A cadre of elite scientists deliberately lied to U.S. security officials in order to spend American tax dollars performing risky experiments under substandard laboratory conditions in a notoriously secretive and authoritarian foreign country. Maybe those experiments created COVID-19, and maybe they didn't. In any case, it's clearly not a conspiracy theory; good of Fauci to recognize the obvious, however belatedly it might be.
One can debate the extent of Fauci's wrongdoing here—but it's the mainstream media that really dropped the ball in terms of lab leak discourse.
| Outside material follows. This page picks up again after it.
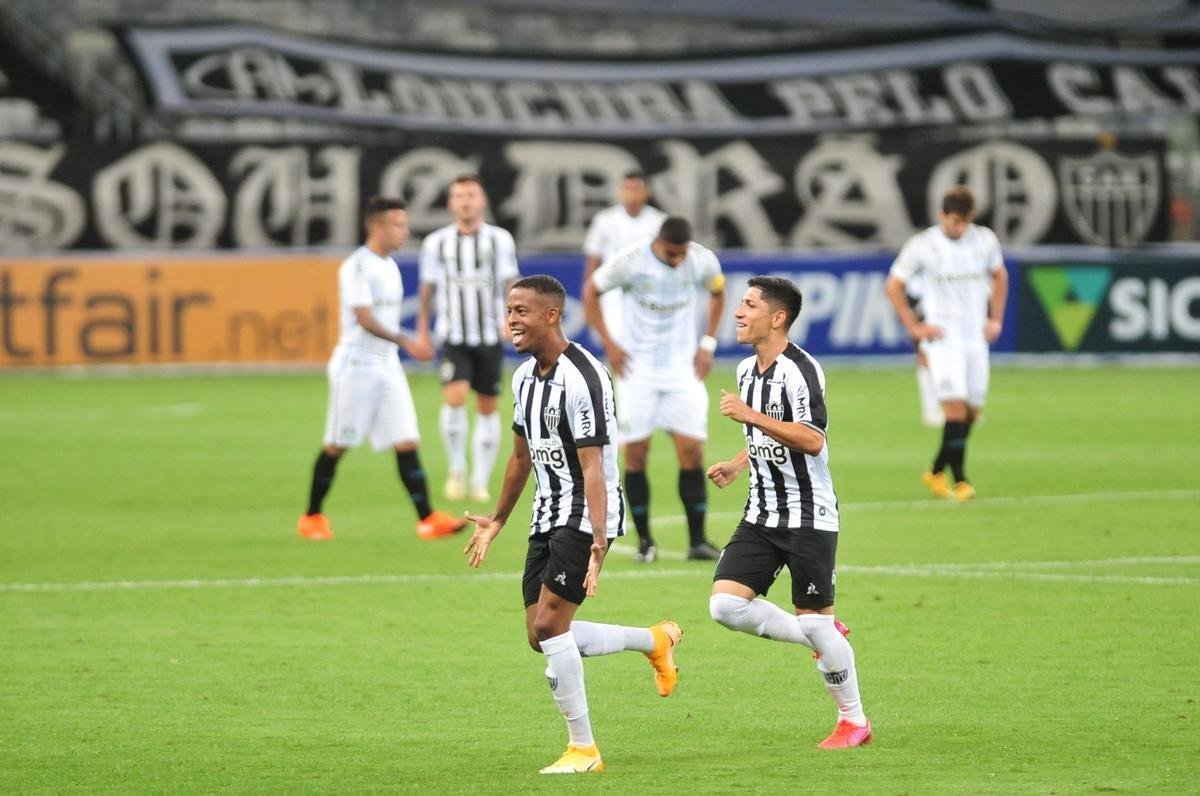 Fotos do jogo entre Atltico e Grmio, no Mineiro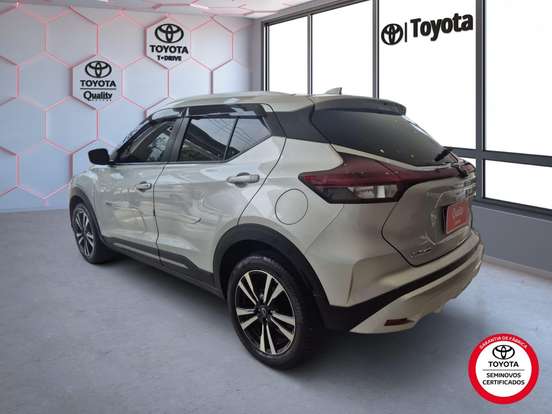 NISSAN-KICKS-2023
The Washington Post was an early offender, accusing Sen. Tom Cotton (R–Ark.) of "repeating a coronavirus theory that was already debunked." The article explicitly applied the phrase "conspiracy theory" to the lab leak idea; The New York Times did the same, noting that the lab leak had been "dismissed by scientists." In fact, The Times' lead coronavirus reporter, Apoorva Mandavilli, went a step further, calling lab leak a racist theory.
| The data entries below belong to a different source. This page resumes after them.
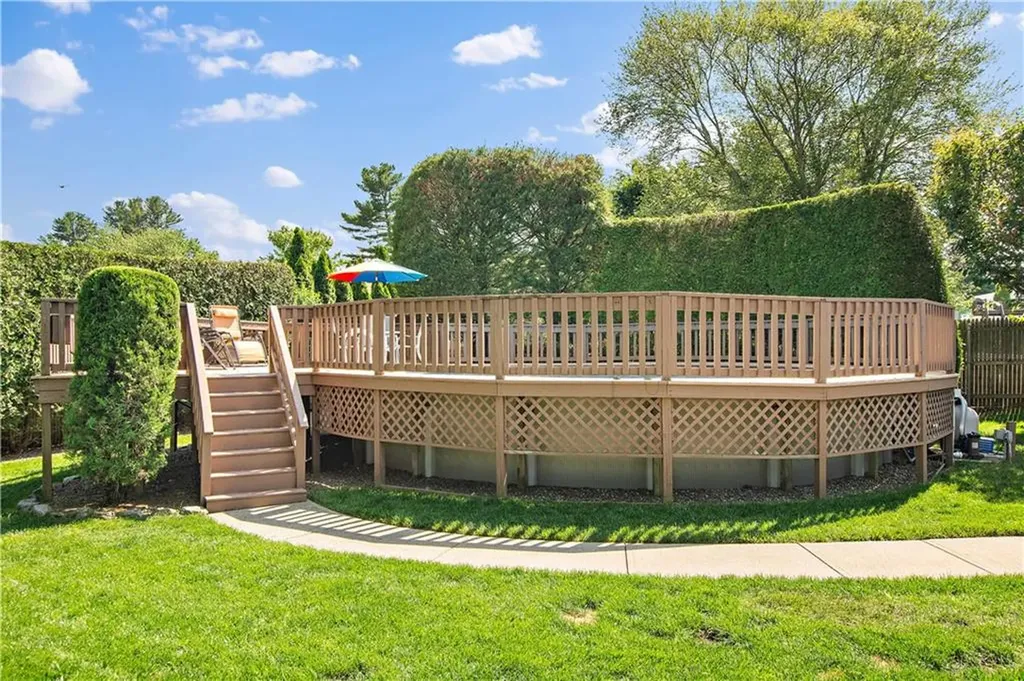 1164 Scituate Avenue Cranston RI 02921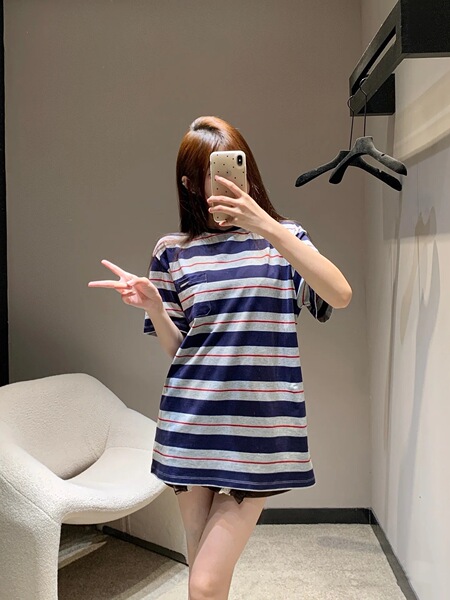 miumiu25 여름 로고 문자 자수 루즈하고 다재다능한 레이어드 스트라이프 라운드 넥 반팔 티셔츠 탑 여성용 트렌디
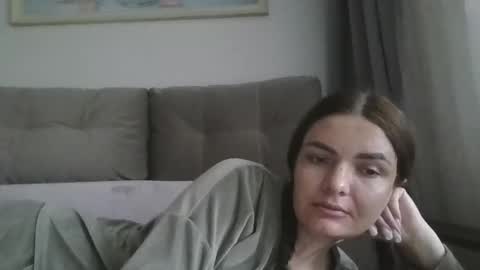 Snapshot of _hidden_frommymoom_ chatting on May 21, 2026, 8:10 am Criss4u online show from May 21, 2026, 8:10 am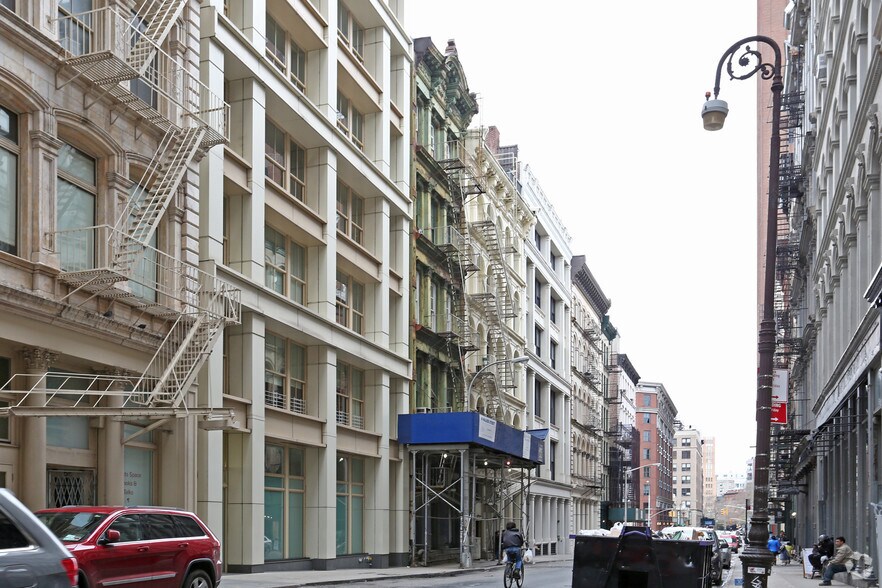 More Photos Of 49 Walker St, New York Apartments For Lease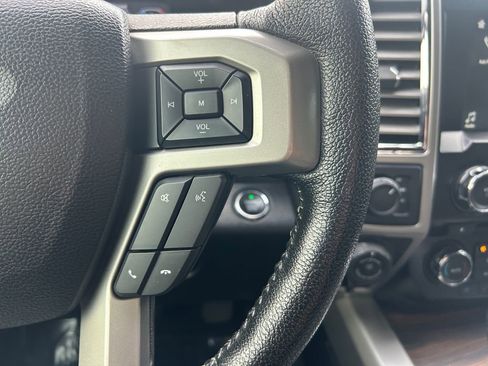 Used 2016 Ford F150 Lariat image 18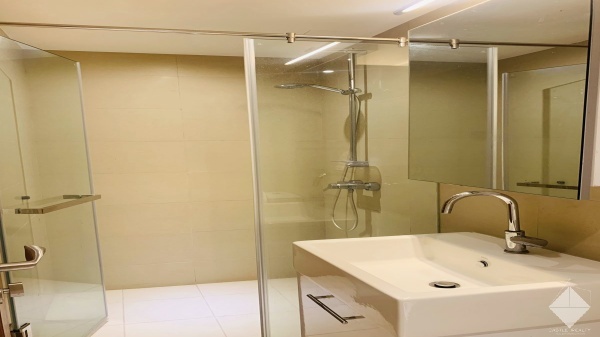 1373,Luxury Apartment,Havelock City,Colombo 5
Mandavilli's tone toward the lab leak was broadly representative of a whole host of mainstream journalists, media commentators, and so-called fact-checkers and misinformation experts. Following this flawed consensus, social media sites—including Facebook—brutally suppressed any and all discussion of the lab leak theory on their platforms. As recently as August 2023, The Journal of the American Medical Association was still counting lab leak discourse online as evidence of the unstoppable spread of misinformation online. And the Global Disinformation Index—a British non-profit that received funding from the State Department, and tarred Reason as an unsafe news website—warned that blaming the pandemic on a lab leak could lead to racist attacks on Asian people.
That's a long way of saying that self-appointed misinformation cops went to great efforts to censor and stigmatize this topic of conversation, on grounds that it was either racist, or a conspiracy theory, or both. Yet it is neither; even Fauci says so. One might hope that this would prompt some self-reflection within media circles. The anti-misinformation crowd wasn't just wrong—they were militant that it was of vital importance to stop everyone from even contemplating the possibility of a lab leak theory.
There's a perniciousness underlying this attitude, and one that clearly threatens free speech, as many U.S. political figures—including President Joe Biden and Sen. Elizabeth Warren (D–Mass.)—have decided that the federal government should do more to combat purported misinformation. They might consider whether they themselves have been misinformed.